After Jillian’s visit and all the hoopla from Natalie’s homecoming had died down, Suella thought long and hard about the matters at hand. Joyfully, she had the rest of her life to spend with her daughter, to make up for her horrendous lapses of judgment from years earlier. Another part of her knew that in one way or another, she might not have Natalie with her for much longer.
If she could wave a magic wand and make a wish, it would be to make the rest of their years together happy ones.
Still, Natalie’s morning malaise bothered her. Closer to the weekend, she said “Is everything okay?”
The innocent question seemed to catch Natalie off guard. Her eyes widened, and she stammered, saying “Oh yeah, sure mom. I guess I’m still recovering from all the finals, the move, the partying and everything.”
Suella smiled. “I guess it was kind of overwhelming, huh?”
Natalie smiled wryly. “Yes.”
Her mother snapped her fingers as if she had a grand revelation. “I’ve got an idea! Let’s go to the beach!”
She allowed her daughter the luxury of vedging out for the next few days. By the time they were getting ready for their weekend, her spirits had lifted. Natalie smiled as she bounded back and forth between the car and her bedroom, bringing a whole wardrobe of clothes for just a few days at the beach house. By the time she finished, the whole back seat of Suella’s car had become filled with suitcases and bags. Like any girl her age, Suella reflected, Natalie often changed her clothes several times in the same day.
Since the last time she’d taken any kind of a long auto trip, they’d completed the solar strip between San Diego and San Francisco. She’d made sure that her latest car contained the undercarriage connects. Giddily, she realized that she could latch onto strip at the interchange and after the menu setup, they could ride free together most of the way to the beach house.

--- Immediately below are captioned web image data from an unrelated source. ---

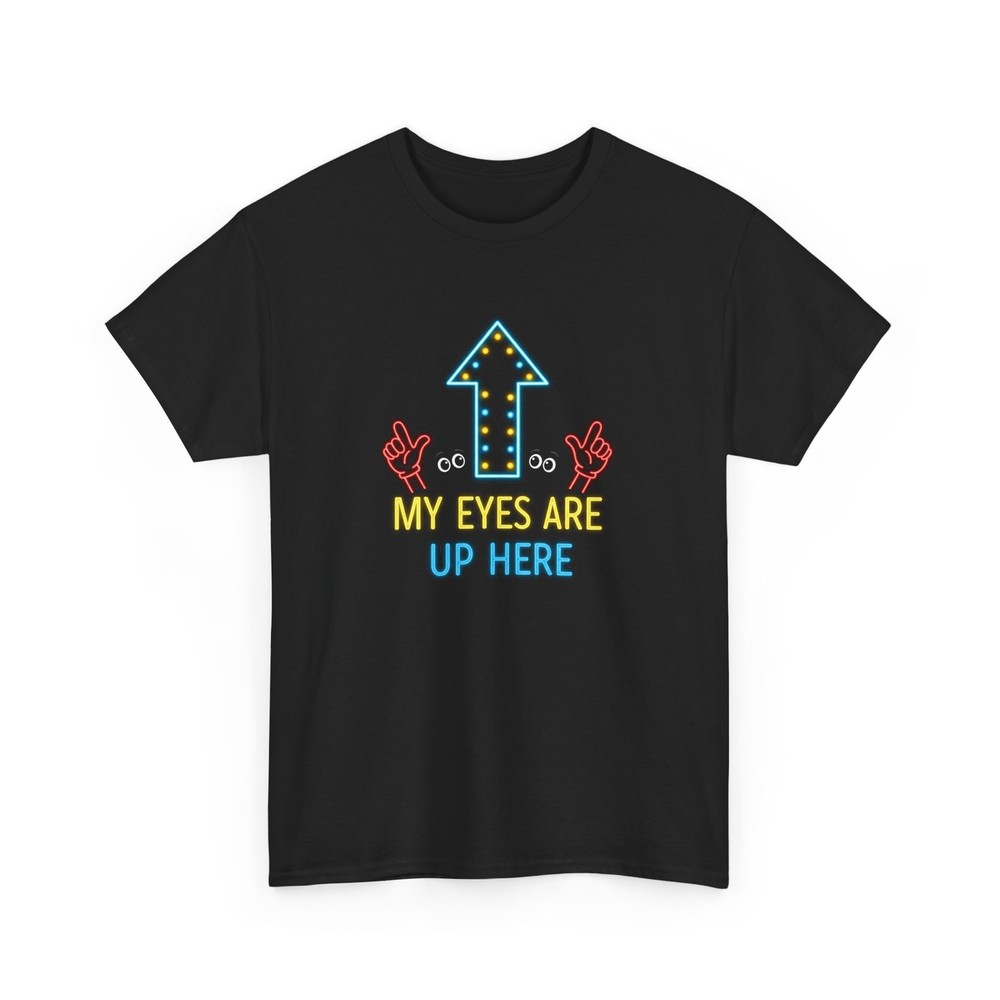 Funny My Eyes Are Up Here Unisex Tee Shirt, Humorous Graphic T-Shirt, Sarcastic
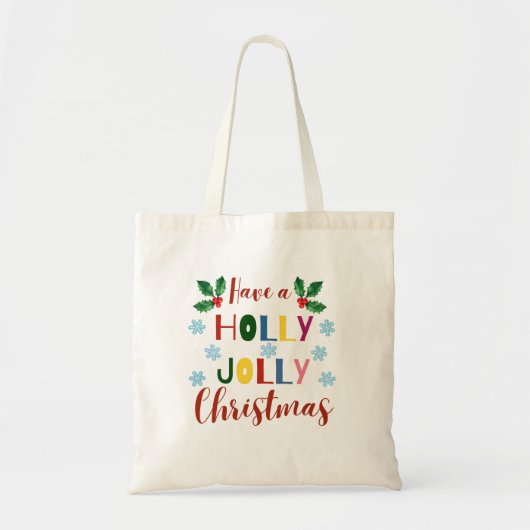 Heb een Holly Jolly Kerstmis Tote Bag (Voorkant)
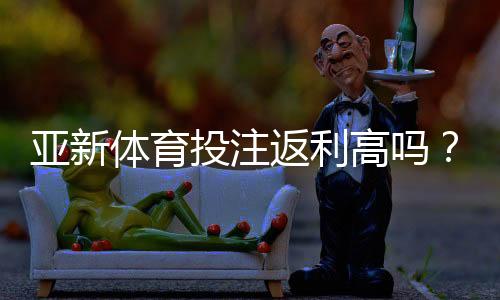 亚新体育投注返利高吗？全面解析返利机制、真实返利率与识别技巧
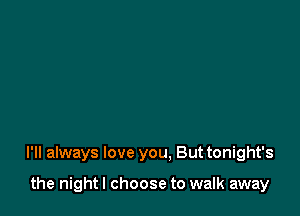 I'll always love you. Buttonight's

the night I choose to walk away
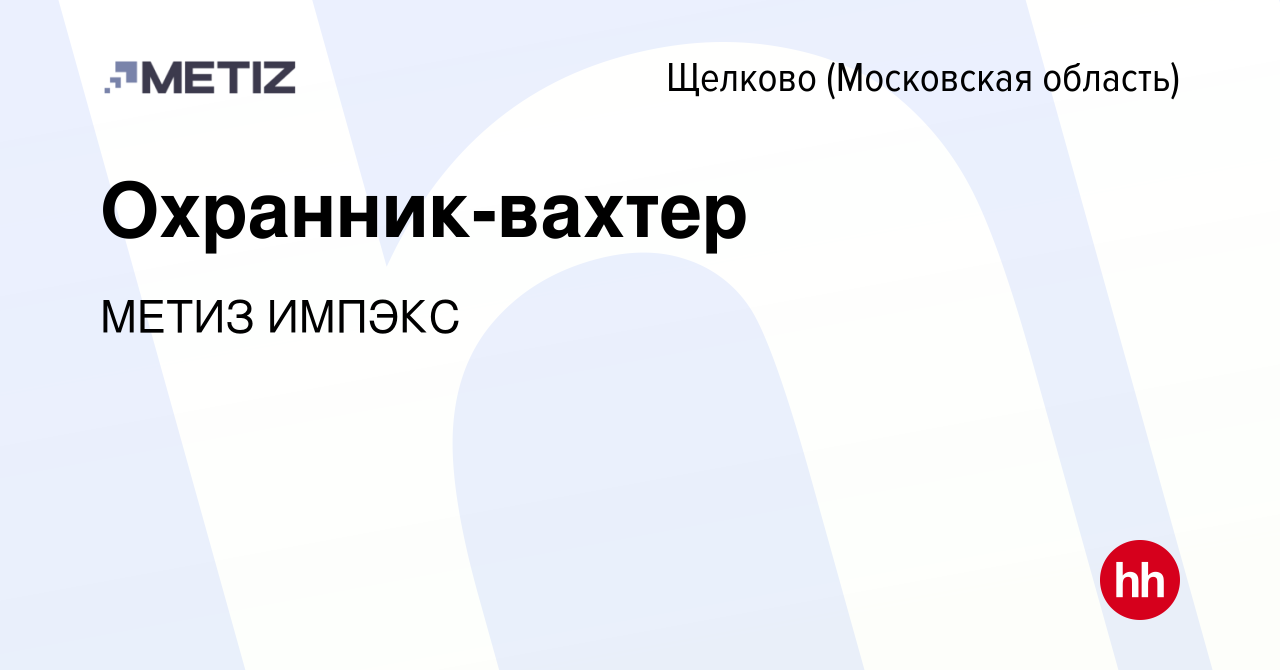 Вакансия Охранник-вахтер в Щелково, работа в компании МЕТИЗ ИМПЭКС  (вакансия в архиве c 18 февраля 2024)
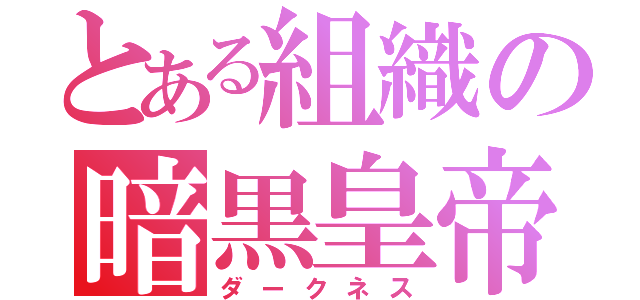 とある組織の暗黒皇帝（ダークネス）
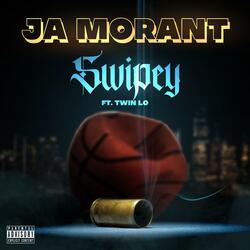 Ja Morant (feat. Twin Lo)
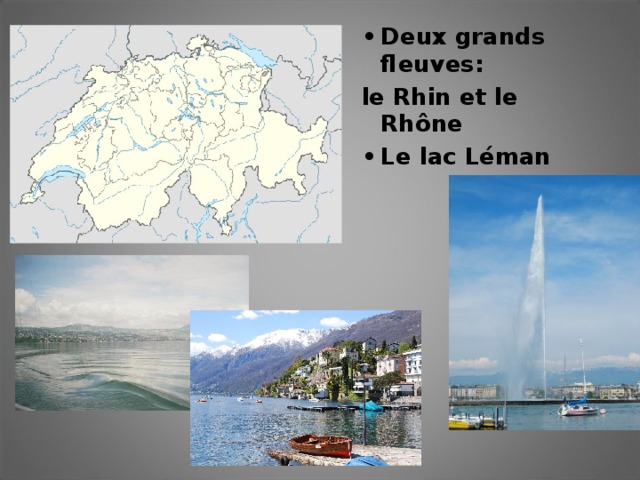 Deux grands fleuves: le Rhin et le Rhône Le lac Léman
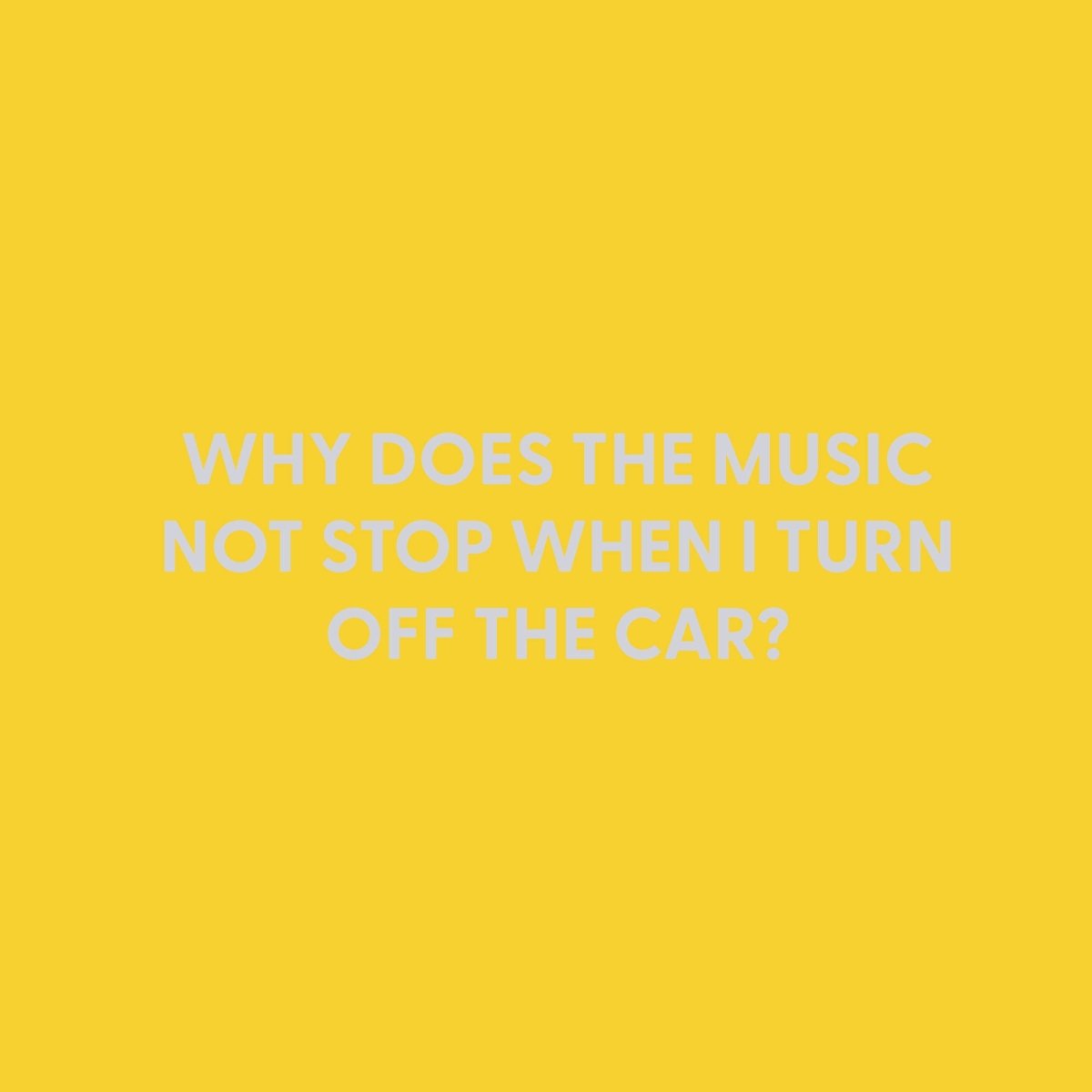 Why does the music not stop when I turn off the car? - Greeting Card - Chive US Wholesale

They could even sit on the back seat if they wanted to.
It was a foggy, late spring morning and she knew that the temperature would barely rise above sweater weather. No matter, she decided, since they weren’t going there to bask on the beach anyway. She had five years of quality mother and daughter time to make up for.
Nathan had once said that the whole concept of operating a car electronically from a solar powered strip reminded him of toy racecar sets from his youth. “We would always race ‘em too fast and they would fly off the track,” he said.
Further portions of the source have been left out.